If I wanna write about all the things I did right or wrong, this blog wouldn’t be enough. If I wanna write how I felt about you, this blog wouldn’t be enough. If I wanna write about everything I’ve planned, about the future, this blog wouldn’t be enough to describe everything. Despite all of that, you decided to leave because of another guy said ‘I love you’, and you believe him. He did all the things that I do when we were first met, flowers and continuous calls and texting. You looked back and wish I was that kinda ‘guy’ again. Sorry I grew up thinking about the future, about our future. I wanna create a perfect everything for you and I wanna do everything just to get all the stuff that you dream and wish for. And you left because you thought I don’t need you.

I know you are a pessimist; everything turns to be negative to you. And I kinda defy everything that you believe. You don’t believe in yourself, but I do. You cry when you are sad, but I did not. You whine and complain about everything, but I accept things just the way they are. You are a nightmare to someone positive, but to me you are not.

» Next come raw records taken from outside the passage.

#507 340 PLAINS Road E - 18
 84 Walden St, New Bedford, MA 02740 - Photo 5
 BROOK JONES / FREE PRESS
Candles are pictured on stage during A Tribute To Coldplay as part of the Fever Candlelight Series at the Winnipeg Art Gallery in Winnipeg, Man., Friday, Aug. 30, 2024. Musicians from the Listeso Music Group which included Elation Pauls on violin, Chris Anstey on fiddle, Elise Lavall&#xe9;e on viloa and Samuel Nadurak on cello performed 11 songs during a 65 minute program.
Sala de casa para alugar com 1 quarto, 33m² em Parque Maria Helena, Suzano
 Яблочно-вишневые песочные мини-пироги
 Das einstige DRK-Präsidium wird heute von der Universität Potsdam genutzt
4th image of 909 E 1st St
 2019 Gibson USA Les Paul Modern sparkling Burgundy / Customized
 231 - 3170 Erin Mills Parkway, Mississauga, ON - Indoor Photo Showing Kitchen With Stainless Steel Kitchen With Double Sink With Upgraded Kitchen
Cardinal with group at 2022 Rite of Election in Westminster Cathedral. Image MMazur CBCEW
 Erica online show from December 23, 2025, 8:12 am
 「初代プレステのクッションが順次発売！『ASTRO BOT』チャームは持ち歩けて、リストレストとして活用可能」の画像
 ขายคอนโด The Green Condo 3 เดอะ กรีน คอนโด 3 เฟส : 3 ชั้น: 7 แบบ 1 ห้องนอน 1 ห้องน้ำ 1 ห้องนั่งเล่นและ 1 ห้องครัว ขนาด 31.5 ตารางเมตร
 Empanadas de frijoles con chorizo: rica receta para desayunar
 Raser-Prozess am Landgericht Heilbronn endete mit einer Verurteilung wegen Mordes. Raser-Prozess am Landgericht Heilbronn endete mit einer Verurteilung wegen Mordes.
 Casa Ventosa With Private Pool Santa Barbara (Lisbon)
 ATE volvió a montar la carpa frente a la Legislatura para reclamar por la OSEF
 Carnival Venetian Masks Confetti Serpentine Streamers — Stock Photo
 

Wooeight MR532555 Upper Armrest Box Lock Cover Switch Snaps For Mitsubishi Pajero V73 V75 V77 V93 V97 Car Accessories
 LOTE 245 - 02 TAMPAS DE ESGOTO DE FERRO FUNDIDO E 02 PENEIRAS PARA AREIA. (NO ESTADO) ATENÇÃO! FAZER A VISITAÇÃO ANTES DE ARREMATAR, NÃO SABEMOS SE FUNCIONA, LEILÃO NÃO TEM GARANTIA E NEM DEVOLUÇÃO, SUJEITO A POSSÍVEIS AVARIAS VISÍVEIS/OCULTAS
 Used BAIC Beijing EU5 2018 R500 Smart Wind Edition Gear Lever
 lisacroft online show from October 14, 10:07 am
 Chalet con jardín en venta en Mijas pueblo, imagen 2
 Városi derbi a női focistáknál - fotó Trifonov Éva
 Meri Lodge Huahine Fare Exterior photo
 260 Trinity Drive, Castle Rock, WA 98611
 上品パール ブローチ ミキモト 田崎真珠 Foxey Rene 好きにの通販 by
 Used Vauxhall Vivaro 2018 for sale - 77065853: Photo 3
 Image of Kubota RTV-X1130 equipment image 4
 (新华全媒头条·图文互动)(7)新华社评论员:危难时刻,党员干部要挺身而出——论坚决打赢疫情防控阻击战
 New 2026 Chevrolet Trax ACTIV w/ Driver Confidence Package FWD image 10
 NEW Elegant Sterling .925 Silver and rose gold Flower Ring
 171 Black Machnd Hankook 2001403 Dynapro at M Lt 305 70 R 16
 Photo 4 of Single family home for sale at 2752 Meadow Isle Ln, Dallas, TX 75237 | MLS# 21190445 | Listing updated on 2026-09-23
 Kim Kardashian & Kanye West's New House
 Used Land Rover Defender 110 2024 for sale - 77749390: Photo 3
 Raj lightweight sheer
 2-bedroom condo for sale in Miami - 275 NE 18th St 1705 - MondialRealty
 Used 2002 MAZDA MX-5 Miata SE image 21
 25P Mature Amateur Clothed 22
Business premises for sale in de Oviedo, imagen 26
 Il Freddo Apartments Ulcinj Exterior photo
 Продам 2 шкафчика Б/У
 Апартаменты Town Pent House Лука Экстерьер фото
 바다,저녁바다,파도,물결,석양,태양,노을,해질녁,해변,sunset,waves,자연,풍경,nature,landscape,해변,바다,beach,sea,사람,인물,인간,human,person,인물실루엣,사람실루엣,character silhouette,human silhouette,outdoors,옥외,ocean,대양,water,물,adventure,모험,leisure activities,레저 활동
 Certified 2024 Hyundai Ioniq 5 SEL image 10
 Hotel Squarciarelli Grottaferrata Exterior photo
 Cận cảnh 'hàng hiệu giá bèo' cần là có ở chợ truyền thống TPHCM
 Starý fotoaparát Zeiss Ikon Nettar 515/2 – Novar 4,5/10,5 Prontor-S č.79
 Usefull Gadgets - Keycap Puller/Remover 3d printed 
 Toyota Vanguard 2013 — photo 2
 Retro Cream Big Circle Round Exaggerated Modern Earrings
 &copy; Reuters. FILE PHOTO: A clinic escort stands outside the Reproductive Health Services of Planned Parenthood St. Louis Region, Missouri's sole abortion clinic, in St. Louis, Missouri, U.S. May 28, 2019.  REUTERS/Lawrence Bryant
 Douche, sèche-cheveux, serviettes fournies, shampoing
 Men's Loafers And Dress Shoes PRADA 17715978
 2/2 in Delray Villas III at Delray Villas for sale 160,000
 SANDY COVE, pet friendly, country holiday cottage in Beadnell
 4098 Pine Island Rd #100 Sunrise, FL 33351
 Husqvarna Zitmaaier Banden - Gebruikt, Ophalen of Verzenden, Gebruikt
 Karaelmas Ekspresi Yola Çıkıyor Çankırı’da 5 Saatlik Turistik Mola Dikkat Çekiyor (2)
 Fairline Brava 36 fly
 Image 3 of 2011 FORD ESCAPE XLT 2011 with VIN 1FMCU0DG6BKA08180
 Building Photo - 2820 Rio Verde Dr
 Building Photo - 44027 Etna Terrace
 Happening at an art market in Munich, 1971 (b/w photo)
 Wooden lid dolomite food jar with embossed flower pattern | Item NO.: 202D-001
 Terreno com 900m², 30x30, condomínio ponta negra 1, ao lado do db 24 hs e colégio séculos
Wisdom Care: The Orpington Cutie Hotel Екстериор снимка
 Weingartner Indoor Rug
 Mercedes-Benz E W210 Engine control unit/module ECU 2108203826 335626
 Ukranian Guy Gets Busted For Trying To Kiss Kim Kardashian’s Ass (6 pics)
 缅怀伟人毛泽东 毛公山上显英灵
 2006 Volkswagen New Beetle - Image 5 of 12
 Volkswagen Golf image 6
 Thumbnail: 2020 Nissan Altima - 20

You know what I’m capable of doing; when I succeeded when you said I will fail. Each and everytime, when you said I will fail, I prove you wrong. Haha, that’s me. I challenge myself so I can be what I wanted to be, I can do what I wanted to do and even if the chance of me succeeding is lower than 1%, I believe I can be. I stood by you, even with your insults and disbelieving of my capability. And you were constantly annoyed by that; calling me ‘mr. everything right’. You can say anything about me but I won’t judge you. You can be cynical and sarcastic towards me, but I believe in me. Everything that I said I can be, everything that dreamt about, I will achieve it. All I wanted back then was you, standing by me and cheering for me.

Guess I was wrong about you. My optimism couldn’t quite get to you. And you left.
I felt it when you left. I couldn’t live one day without thinking of you. I couldn’t watch tv or listen to the radio without anything reminds me of you. Everything we did, everything we shared, it keeps playing in my head each day. I couldn’t describe how I feel let alone write about how I feel.

Jeez..u know, I’ll be better and one day, I’ll run across your mind. But you don’t have to worry, I’ll be fine, I’ll be alright. I’m blessed that i don’t get to know what we could have been, what we should have been.

You’ll think of me.

1 comment:

Hun Shahrudin. said...

you're a sweet guy, no doubt about it. and er i think i know what makes me remind u of someone. the pessimistic part mungkin?